**PROBLEM TO WORK ON:** Start to finish, the listing must be rewritten exactly.

**EXTRACTED DATA:**
----------------
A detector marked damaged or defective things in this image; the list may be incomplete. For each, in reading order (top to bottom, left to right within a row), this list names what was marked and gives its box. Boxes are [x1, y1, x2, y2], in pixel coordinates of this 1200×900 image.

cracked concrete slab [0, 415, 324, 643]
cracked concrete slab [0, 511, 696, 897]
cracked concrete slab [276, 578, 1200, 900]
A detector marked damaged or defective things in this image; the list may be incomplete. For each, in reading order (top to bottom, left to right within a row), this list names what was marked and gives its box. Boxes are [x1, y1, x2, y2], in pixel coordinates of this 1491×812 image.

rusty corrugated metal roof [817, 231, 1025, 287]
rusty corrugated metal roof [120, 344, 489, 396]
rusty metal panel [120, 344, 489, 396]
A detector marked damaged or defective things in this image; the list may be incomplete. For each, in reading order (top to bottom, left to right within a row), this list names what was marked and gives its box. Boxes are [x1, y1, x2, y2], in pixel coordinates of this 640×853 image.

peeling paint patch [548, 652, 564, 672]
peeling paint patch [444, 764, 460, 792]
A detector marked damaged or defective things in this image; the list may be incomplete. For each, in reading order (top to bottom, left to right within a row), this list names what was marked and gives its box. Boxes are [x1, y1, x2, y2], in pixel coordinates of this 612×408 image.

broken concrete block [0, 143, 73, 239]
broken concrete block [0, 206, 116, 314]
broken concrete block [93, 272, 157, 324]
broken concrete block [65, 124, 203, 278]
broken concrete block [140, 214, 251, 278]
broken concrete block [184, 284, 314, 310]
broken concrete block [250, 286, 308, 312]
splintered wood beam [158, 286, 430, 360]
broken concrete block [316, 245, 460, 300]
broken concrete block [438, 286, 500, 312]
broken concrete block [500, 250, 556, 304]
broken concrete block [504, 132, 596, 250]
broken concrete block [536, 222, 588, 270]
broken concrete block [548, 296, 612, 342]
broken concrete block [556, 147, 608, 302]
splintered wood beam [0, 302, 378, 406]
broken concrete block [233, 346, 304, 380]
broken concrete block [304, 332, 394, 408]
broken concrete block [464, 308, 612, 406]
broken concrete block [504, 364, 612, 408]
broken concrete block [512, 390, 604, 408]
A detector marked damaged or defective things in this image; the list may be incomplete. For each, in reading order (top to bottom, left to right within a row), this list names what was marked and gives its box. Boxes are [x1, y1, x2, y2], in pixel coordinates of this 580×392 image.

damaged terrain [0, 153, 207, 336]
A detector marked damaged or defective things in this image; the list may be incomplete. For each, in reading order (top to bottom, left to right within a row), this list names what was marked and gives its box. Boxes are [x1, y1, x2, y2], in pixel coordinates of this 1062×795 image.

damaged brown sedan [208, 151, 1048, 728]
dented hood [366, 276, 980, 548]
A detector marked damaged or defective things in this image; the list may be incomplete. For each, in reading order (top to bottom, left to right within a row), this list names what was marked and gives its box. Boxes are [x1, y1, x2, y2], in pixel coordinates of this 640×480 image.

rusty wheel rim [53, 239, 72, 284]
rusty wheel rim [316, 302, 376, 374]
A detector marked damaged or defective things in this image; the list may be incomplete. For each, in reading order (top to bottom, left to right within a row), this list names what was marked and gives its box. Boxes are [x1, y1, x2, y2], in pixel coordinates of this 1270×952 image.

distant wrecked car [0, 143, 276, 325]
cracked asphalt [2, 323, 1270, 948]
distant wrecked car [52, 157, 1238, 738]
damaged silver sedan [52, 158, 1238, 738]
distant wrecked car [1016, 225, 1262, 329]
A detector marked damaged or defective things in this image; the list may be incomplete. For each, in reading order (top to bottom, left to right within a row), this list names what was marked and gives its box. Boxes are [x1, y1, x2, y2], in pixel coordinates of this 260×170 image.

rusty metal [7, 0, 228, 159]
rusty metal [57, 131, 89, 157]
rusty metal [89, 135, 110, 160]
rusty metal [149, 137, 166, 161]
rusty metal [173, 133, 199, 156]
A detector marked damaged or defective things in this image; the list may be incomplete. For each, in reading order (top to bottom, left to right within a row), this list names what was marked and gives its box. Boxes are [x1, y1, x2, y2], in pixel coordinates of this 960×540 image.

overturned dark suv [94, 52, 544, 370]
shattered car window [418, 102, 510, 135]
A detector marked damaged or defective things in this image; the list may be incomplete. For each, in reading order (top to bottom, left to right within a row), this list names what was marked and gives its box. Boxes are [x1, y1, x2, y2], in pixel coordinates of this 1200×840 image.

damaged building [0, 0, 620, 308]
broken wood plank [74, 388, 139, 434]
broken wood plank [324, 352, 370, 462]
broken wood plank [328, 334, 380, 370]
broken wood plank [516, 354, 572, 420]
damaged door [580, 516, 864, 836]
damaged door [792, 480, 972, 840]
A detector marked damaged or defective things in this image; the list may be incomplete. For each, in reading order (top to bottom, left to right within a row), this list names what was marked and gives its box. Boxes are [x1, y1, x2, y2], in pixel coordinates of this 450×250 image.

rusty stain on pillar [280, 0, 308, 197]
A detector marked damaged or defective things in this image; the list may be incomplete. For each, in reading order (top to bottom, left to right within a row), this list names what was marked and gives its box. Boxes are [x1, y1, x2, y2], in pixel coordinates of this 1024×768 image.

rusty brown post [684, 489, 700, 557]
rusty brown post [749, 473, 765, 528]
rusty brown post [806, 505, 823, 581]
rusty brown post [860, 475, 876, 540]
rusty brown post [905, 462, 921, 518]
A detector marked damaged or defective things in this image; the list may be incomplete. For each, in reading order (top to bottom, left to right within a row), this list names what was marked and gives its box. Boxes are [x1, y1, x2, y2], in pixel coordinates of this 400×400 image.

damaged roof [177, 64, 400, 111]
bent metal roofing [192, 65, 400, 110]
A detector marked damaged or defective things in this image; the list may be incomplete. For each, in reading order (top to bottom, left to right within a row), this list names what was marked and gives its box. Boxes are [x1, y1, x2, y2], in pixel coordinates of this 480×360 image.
----------------
**TASK RESPONSE:**
A detector marked damaged or defective things in this image; the list may be incomplete. For each, in reading order (top to bottom, left to right within a row), this list names what was marked and gives its box. Boxes are [x1, y1, x2, y2], in pixel coordinates of this 1200×900 image.

cracked concrete slab [0, 415, 324, 643]
cracked concrete slab [0, 511, 696, 897]
cracked concrete slab [276, 578, 1200, 900]
A detector marked damaged or defective things in this image; the list may be incomplete. For each, in reading order (top to bottom, left to right within a row), this list names what was marked and gives its box. Boxes are [x1, y1, x2, y2], in pixel coordinates of this 1491×812 image.

rusty corrugated metal roof [817, 231, 1025, 287]
rusty corrugated metal roof [120, 344, 489, 396]
rusty metal panel [120, 344, 489, 396]
A detector marked damaged or defective things in this image; the list may be incomplete. For each, in reading order (top to bottom, left to right within a row), this list names what was marked and gives its box. Boxes are [x1, y1, x2, y2], in pixel coordinates of this 640×853 image.

peeling paint patch [548, 652, 564, 672]
peeling paint patch [444, 764, 460, 792]
A detector marked damaged or defective things in this image; the list may be incomplete. For each, in reading order (top to bottom, left to right within a row), this list names what was marked and gives its box. Boxes are [x1, y1, x2, y2], in pixel coordinates of this 612×408 image.

broken concrete block [0, 143, 73, 239]
broken concrete block [0, 206, 116, 314]
broken concrete block [93, 272, 157, 324]
broken concrete block [65, 124, 203, 278]
broken concrete block [140, 214, 251, 278]
broken concrete block [184, 284, 314, 310]
broken concrete block [250, 286, 308, 312]
splintered wood beam [158, 286, 430, 360]
broken concrete block [316, 245, 460, 300]
broken concrete block [438, 286, 500, 312]
broken concrete block [500, 250, 556, 304]
broken concrete block [504, 132, 596, 250]
broken concrete block [536, 222, 588, 270]
broken concrete block [548, 296, 612, 342]
broken concrete block [556, 147, 608, 302]
splintered wood beam [0, 302, 378, 406]
broken concrete block [233, 346, 304, 380]
broken concrete block [304, 332, 394, 408]
broken concrete block [464, 308, 612, 406]
broken concrete block [504, 364, 612, 408]
broken concrete block [512, 390, 604, 408]
A detector marked damaged or defective things in this image; the list may be incomplete. For each, in reading order (top to bottom, left to right within a row), this list names what was marked and gives its box. Boxes are [x1, y1, x2, y2], in pixel coordinates of this 580×392 image.

damaged terrain [0, 153, 207, 336]
A detector marked damaged or defective things in this image; the list may be incomplete. For each, in reading order (top to bottom, left to right within a row), this list names what was marked and gives its box. Boxes are [x1, y1, x2, y2], in pixel coordinates of this 1062×795 image.

damaged brown sedan [208, 151, 1048, 728]
dented hood [366, 276, 980, 548]
A detector marked damaged or defective things in this image; the list may be incomplete. For each, in reading order (top to bottom, left to right within a row), this list names what was marked and gives its box. Boxes are [x1, y1, x2, y2], in pixel coordinates of this 640×480 image.

rusty wheel rim [53, 239, 72, 284]
rusty wheel rim [316, 302, 376, 374]
A detector marked damaged or defective things in this image; the list may be incomplete. For each, in reading order (top to bottom, left to right within a row), this list names what was marked and gives its box. Boxes are [x1, y1, x2, y2], in pixel coordinates of this 1270×952 image.

distant wrecked car [0, 143, 276, 325]
cracked asphalt [2, 323, 1270, 948]
distant wrecked car [52, 157, 1238, 738]
damaged silver sedan [52, 158, 1238, 738]
distant wrecked car [1016, 225, 1262, 329]
A detector marked damaged or defective things in this image; the list may be incomplete. For each, in reading order (top to bottom, left to right within a row), this list names what was marked and gives its box. Boxes are [x1, y1, x2, y2], in pixel coordinates of this 260×170 image.

rusty metal [7, 0, 228, 159]
rusty metal [57, 131, 89, 157]
rusty metal [89, 135, 110, 160]
rusty metal [149, 137, 166, 161]
rusty metal [173, 133, 199, 156]
A detector marked damaged or defective things in this image; the list may be incomplete. For each, in reading order (top to bottom, left to right within a row), this list names what was marked and gives its box. Boxes are [x1, y1, x2, y2], in pixel coordinates of this 960×540 image.

overturned dark suv [94, 52, 544, 370]
shattered car window [418, 102, 510, 135]
A detector marked damaged or defective things in this image; the list may be incomplete. For each, in reading order (top to bottom, left to right within a row), this list names what was marked and gives its box. Boxes are [x1, y1, x2, y2], in pixel coordinates of this 1200×840 image.

damaged building [0, 0, 620, 308]
broken wood plank [74, 388, 139, 434]
broken wood plank [324, 352, 370, 462]
broken wood plank [328, 334, 380, 370]
broken wood plank [516, 354, 572, 420]
damaged door [580, 516, 864, 836]
damaged door [792, 480, 972, 840]
A detector marked damaged or defective things in this image; the list may be incomplete. For each, in reading order (top to bottom, left to right within a row), this list names what was marked and gives its box. Boxes are [x1, y1, x2, y2], in pixel coordinates of this 450×250 image.

rusty stain on pillar [280, 0, 308, 197]
A detector marked damaged or defective things in this image; the list may be incomplete. For each, in reading order (top to bottom, left to right within a row), this list names what was marked and gives its box. Boxes are [x1, y1, x2, y2], in pixel coordinates of this 1024×768 image.

rusty brown post [684, 489, 700, 557]
rusty brown post [749, 473, 765, 528]
rusty brown post [806, 505, 823, 581]
rusty brown post [860, 475, 876, 540]
rusty brown post [905, 462, 921, 518]
A detector marked damaged or defective things in this image; the list may be incomplete. For each, in reading order (top to bottom, left to right within a row), this list names what was marked and gives its box. Boxes are [x1, y1, x2, y2], in pixel coordinates of this 400×400 image.

damaged roof [177, 64, 400, 111]
bent metal roofing [192, 65, 400, 110]
A detector marked damaged or defective things in this image; the list may be incomplete. For each, in reading order (top to bottom, left to right within a row), this list names what was marked and gives its box. Boxes are [x1, y1, x2, y2], in pixel coordinates of this 480×360 image.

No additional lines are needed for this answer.